Exercise brief: Starting at the line that contains "38 Pax Party Bus Photo 1" and ending at the line that contains "Ford Fiesta 2019", the lines below are to be given again exactly, with nothing added.

(Dataset excerpts)
—————

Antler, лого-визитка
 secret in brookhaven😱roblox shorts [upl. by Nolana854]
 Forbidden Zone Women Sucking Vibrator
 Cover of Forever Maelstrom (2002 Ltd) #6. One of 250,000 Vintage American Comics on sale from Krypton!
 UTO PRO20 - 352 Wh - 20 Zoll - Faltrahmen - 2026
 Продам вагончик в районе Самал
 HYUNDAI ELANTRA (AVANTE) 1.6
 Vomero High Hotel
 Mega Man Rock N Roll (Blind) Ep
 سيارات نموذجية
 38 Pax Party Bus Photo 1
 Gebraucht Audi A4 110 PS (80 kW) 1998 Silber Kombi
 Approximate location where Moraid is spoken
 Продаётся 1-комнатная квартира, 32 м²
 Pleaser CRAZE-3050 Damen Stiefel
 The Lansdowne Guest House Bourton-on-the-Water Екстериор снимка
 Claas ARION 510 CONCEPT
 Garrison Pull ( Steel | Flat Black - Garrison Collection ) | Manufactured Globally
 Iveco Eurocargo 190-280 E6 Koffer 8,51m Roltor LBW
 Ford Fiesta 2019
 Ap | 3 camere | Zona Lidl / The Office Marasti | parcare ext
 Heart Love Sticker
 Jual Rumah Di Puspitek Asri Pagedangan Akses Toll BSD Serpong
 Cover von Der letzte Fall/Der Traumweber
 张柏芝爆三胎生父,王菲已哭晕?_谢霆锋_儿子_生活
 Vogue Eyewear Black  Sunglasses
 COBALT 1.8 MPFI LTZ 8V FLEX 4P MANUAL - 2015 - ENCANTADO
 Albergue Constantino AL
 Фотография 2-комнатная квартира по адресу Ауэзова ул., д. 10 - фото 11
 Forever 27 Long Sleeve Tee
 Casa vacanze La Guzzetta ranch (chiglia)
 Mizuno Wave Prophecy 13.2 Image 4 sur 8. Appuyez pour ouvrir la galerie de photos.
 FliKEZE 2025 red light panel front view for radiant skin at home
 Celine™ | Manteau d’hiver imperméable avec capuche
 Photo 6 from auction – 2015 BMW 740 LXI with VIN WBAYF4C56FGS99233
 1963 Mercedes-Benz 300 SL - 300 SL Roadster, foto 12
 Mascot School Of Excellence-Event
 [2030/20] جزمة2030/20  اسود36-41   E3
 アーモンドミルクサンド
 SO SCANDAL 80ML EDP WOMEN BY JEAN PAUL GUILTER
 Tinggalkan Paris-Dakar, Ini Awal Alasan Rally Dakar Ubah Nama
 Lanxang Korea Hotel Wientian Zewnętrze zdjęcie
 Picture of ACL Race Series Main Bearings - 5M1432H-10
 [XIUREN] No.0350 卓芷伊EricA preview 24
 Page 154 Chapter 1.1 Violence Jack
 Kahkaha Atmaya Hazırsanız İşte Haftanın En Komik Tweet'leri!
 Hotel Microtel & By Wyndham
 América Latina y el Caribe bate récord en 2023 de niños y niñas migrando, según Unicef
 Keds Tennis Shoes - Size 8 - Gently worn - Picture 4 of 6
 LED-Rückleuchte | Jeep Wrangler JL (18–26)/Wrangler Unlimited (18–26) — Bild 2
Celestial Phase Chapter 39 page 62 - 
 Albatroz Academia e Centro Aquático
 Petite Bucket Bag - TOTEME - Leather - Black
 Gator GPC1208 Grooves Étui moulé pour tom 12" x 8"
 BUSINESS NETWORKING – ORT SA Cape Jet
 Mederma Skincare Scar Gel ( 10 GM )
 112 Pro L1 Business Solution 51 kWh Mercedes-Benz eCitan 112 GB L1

—————

Solution:
 38 Pax Party Bus Photo 1
 Gebraucht Audi A4 110 PS (80 kW) 1998 Silber Kombi
 Approximate location where Moraid is spoken
 Продаётся 1-комнатная квартира, 32 м²
 Pleaser CRAZE-3050 Damen Stiefel
 The Lansdowne Guest House Bourton-on-the-Water Екстериор снимка
 Claas ARION 510 CONCEPT
 Garrison Pull ( Steel | Flat Black - Garrison Collection ) | Manufactured Globally
 Iveco Eurocargo 190-280 E6 Koffer 8,51m Roltor LBW
 Ford Fiesta 2019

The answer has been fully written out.